:: SUPPLIED INFORMATION
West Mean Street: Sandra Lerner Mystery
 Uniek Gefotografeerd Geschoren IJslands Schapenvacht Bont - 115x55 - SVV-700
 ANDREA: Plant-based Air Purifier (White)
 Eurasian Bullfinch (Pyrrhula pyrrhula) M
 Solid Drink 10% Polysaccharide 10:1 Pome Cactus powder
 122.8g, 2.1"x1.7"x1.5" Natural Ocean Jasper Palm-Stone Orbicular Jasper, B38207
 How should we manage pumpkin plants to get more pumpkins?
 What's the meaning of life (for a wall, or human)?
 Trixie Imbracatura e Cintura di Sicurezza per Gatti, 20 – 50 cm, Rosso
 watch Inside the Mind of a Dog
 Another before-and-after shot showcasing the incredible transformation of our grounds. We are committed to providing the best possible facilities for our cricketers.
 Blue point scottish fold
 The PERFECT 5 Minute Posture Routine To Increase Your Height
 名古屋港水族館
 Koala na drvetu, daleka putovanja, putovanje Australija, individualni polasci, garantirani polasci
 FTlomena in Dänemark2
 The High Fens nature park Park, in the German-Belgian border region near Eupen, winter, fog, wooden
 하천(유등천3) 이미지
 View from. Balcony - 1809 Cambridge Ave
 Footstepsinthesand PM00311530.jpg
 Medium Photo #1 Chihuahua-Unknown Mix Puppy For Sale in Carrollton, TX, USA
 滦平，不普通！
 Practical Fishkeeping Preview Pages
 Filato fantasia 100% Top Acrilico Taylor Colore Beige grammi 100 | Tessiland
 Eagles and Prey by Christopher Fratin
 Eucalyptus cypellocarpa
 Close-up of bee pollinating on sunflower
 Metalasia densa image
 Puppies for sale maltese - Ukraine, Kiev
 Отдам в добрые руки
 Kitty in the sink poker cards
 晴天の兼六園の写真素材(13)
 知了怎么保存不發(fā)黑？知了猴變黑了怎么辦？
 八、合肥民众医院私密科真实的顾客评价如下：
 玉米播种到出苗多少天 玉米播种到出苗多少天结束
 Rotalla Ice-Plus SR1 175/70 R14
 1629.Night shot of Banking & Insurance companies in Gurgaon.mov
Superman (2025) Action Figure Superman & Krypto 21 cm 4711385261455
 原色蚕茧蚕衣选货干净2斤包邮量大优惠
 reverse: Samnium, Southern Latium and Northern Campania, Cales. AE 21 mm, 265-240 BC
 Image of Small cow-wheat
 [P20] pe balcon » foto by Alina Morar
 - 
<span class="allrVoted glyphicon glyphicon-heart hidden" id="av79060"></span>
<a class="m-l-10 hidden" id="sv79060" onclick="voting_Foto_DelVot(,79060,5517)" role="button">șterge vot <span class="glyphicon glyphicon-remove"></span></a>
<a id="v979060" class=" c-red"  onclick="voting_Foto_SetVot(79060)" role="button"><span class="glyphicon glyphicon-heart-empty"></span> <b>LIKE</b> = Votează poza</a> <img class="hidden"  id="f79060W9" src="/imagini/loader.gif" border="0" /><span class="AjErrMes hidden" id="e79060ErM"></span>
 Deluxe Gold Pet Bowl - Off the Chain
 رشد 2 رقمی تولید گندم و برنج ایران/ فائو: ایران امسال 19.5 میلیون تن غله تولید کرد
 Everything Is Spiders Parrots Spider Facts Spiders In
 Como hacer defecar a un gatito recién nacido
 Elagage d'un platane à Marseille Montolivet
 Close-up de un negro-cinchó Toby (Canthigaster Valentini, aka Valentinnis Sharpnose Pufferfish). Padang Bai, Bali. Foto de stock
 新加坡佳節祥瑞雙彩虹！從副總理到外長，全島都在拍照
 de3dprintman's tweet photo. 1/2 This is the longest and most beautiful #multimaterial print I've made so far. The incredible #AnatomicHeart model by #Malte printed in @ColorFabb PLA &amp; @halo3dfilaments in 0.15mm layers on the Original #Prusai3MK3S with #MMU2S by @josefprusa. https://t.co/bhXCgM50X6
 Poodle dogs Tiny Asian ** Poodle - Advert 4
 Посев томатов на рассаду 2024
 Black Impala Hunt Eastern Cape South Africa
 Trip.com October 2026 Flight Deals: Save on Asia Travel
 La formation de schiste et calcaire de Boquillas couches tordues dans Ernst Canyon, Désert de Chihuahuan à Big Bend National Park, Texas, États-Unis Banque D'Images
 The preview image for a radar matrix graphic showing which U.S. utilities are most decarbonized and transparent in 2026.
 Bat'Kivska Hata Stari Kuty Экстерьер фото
::::
• WORK TO BE COMPLETED:
From the entries, copy every line in which the word "class" occurs.

• OUTPUT FOR THIS TASK:
<span class="allrVoted glyphicon glyphicon-heart hidden" id="av79060"></span>
<a class="m-l-10 hidden" id="sv79060" onclick="voting_Foto_DelVot(,79060,5517)" role="button">șterge vot <span class="glyphicon glyphicon-remove"></span></a>
<a id="v979060" class=" c-red"  onclick="voting_Foto_SetVot(79060)" role="button"><span class="glyphicon glyphicon-heart-empty"></span> <b>LIKE</b> = Votează poza</a> <img class="hidden"  id="f79060W9" src="/imagini/loader.gif" border="0" /><span class="AjErrMes hidden" id="e79060ErM"></span>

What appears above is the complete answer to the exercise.